If I had a senior member of the team that was incredibly knowledgeable but occasionally lied, but in a predictable way, I would still find that valuable. Talking to people is a very quick and easy way to get information about a specific subject in a specific context, so I could ask them targetted questions that are easy to verify, the worst thing that happens is I 'waste' a conversation with them.
Sure, but LLMs don't lie in a predictable way. Its just their nature that they output statistical sentence continuations, with a complete disregard for the truth. Everything that they output is suspect, especially the potentially useful stuff that you don't know whether it's true or false.
They do lie in a predictable way: if you ask them for a widely available fact you have a very high probability of getting the correct answer, if you ask them for something novel you have a very high probabilty of getting something made up.
If I'm trying to use some tool that just got released or just got a big update, I wont use AI, if I want to check the syntax of a for loop in a language I don't know I will. Whenever you ask it a question you should have an idea in your mind of how likely you are to get a good answer back.
I suppose, but they can still be wrong on the common facts like number of R's in strawberry that are counter-intuitive.
I saw an interesting example yesterday of type "I have 3 apples, my dad has 2 more than me ..." where of the top 10 predicted tokens, about 1/2 led to the correct answer, and about 1/2 didn't. It wasn't the most confident predictions that lead to the right answer - pretty much random.
The trouble with LLMs vs humans is that humans learn to predict facts (as reflected in feedback from the environment, and checked by experimentation, etc), whereas LLMs only learn to predict sentence soup (training set) word statistics. It's amazing that LLM outputs are coherent as often as they are, but entirely unsurprising that they are often just "sounds good" flow-based BS.
I think maybe this is where the polarisation of those who find chatGPT useful and those who don't comes from.

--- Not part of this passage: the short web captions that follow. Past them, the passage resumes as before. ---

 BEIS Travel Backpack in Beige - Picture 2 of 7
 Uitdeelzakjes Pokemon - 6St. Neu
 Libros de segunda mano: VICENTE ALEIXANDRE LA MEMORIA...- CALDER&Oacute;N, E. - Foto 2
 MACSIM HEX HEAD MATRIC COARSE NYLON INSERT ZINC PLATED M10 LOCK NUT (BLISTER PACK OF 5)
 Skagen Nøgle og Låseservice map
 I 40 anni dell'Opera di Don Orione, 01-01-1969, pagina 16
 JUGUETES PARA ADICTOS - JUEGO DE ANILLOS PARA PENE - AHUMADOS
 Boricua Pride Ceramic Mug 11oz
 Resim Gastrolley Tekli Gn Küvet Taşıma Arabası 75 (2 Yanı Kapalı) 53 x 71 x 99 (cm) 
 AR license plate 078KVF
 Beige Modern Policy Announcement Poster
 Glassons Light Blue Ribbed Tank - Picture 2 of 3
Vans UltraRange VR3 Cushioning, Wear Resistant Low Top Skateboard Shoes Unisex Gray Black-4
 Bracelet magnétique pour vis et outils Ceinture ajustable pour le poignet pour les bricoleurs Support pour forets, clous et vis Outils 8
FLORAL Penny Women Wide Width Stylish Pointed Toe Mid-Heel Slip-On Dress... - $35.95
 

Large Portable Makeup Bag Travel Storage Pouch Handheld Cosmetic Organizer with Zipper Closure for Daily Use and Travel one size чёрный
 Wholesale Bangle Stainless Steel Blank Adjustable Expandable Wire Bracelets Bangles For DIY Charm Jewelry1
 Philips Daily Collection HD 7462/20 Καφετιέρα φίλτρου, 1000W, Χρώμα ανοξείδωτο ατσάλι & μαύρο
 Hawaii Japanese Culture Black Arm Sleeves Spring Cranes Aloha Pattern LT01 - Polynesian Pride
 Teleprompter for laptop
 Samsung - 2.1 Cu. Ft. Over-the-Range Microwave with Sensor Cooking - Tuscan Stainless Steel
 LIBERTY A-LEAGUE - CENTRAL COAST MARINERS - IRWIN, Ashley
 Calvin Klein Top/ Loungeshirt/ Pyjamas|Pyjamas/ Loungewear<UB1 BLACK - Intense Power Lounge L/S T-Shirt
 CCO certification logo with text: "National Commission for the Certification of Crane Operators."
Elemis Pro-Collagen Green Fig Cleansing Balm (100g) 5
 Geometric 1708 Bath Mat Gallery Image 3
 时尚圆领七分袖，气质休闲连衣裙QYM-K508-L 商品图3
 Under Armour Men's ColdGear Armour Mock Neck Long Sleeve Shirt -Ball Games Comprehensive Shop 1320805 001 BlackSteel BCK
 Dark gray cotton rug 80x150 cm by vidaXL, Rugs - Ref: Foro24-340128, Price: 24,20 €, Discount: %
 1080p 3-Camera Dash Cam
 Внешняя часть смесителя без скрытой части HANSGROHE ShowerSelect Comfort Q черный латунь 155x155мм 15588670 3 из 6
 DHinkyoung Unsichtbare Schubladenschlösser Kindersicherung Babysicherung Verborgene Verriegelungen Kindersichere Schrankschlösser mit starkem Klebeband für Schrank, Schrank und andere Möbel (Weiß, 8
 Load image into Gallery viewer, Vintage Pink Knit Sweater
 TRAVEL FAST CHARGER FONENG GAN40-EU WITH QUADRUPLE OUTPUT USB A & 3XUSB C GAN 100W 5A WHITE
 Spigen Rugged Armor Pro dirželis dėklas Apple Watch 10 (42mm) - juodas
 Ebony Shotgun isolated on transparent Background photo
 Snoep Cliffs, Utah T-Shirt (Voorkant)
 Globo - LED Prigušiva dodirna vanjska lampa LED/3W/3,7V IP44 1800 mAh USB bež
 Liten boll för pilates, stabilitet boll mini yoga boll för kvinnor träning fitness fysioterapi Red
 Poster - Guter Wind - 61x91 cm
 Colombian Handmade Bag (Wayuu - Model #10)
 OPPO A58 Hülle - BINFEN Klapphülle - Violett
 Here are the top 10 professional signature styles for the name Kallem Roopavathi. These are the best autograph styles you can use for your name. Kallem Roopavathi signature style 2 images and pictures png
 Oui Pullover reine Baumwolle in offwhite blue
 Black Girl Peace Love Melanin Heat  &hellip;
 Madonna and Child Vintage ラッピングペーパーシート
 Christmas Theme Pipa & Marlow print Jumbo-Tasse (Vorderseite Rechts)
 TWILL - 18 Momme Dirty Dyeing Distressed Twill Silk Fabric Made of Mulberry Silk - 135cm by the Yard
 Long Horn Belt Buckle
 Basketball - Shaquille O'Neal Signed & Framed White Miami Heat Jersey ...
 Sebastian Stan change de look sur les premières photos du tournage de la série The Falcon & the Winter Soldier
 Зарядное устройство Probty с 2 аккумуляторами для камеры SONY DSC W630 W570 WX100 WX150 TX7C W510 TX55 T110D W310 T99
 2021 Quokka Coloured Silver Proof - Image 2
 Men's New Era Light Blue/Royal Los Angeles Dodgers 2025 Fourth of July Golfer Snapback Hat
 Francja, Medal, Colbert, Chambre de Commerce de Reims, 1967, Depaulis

In this context, the number of r's in strawberry is not a fact: its a calculation. I would expect AI to be able to spell a common word 100% of the time, but not to be able to count letters. I don't think in the summary of human knowledge that has been digitised there are that many people saying 'how many r's are there in strawberry', and if they are I think that the common reply would be '2', since the context is based on the second r. (people confuse strawbery and strawberry, not strrawberry and strawberry).
Your apples question is the same, its not knowledge, it's a calculation, it's intelligence. The only time you're going to get intelligence from AI at the moment is to ask a question that a significantly large number of people have already answered.
True, but that just goes to show how brittle these models are - how shallow the dividing line is between primary facts present (hopefully consistently so) in the training set, and derived facts that are potentially more suspect.
To make things worse, I don't think we can even assume that primary facts are always going to be represented in abstract semantic terms independent of source text. The model may have been trained on a fact but still fail to reliably recall/predict it because of "lookup failure" (model fails to reduce query text to necessary abstract lookup key).